Assessing confidence in the overall AOP depends on the biological plausibility of the pathway, the evidence for the essentiality of the Key Events (KEs), the empirical evidence supporting it and the quantitative understanding of the KERs. The table below summarizes the overall weight of evidence, based on evaluations of individual linkages provided in the KERs. 

This project has been sponsored by EFSA (Reference: NP/EFSA/PREV/2024/02). An AOP (AOP 3) informed IATA case study base on mitochondrial complex I inhibitor has been published by EFSA and will be used in the regulatory risk assessment by the Authority. 

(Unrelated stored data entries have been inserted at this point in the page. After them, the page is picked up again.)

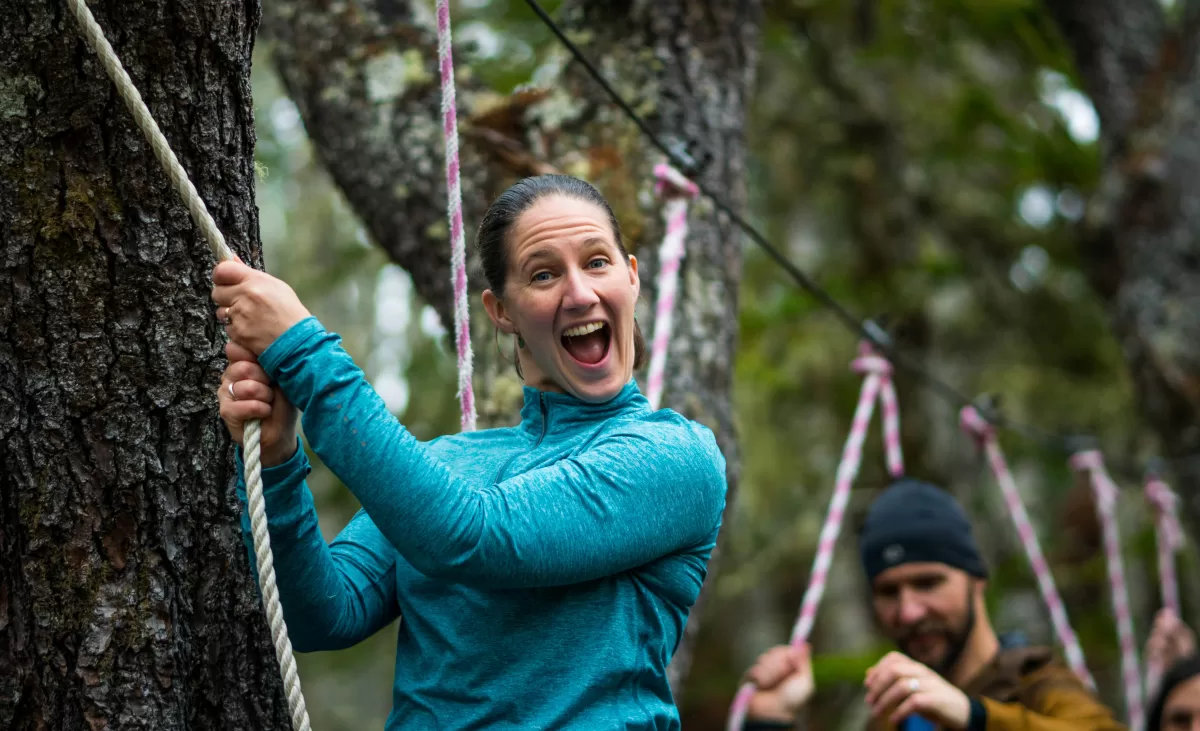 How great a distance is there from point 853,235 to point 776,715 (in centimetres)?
441

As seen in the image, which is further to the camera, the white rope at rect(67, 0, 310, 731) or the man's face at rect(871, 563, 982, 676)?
the man's face at rect(871, 563, 982, 676)

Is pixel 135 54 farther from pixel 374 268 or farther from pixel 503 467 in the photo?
pixel 374 268

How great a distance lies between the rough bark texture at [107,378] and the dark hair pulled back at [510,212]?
369 millimetres

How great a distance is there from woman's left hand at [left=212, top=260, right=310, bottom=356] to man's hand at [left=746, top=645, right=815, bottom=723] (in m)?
2.08

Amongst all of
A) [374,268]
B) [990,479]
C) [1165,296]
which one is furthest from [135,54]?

EFSA has an ongoing project for testing pesticides expected to interact with the mitochondrial electron transport chain using a testing battery covering the KEs included in the expanded AOP3. The proposed AOP will complement the AOP3 (by adding additional MIEs and newly produced empirical data). The additional MIE will converge at the KE mitochondrial dysfunction. There are currently no test guidelines for the assessment of mitochondrial toxicity or, more generally, to test for adult neurotoxicity including degenerative diseases like the parkinsonian syndrome. The implementation of the AOP 3 and the development of an AOP network having mitochondrial dysfunction as anchoring KE is intended to implement the ability of using NAMs to assess for neurotoxicity endpoints, including AO relevant for the parkinsonian syndrome. A testing battery is therefore proposed to describe most of the KEs included in the network, identified MIE and using dopaminergic cells of human derivation for testing intermediate KEs or the in-vitro AO (dopaminergic cell toxicity and loss). Currently, the in vitro AO is expected to act as surrogate of the proposed AO (Parkinsonian motor deficits); though, it is expected that the AOP will be further implemented with inclusion of alternative animal models like the zebrafish for assessing the motor dysfunction consequent to the loss of dopaminergic neurons. The basis of this approach is to use the AOP3 network to define a relevant point-of-departure (PoD) for risk assessment, to convert this PoD by an in vitro-to-in vivo extrapolation (IVIVE) to a threshold dose, and to use this to define acceptable daily intakes (ADI) or similar threshold measures.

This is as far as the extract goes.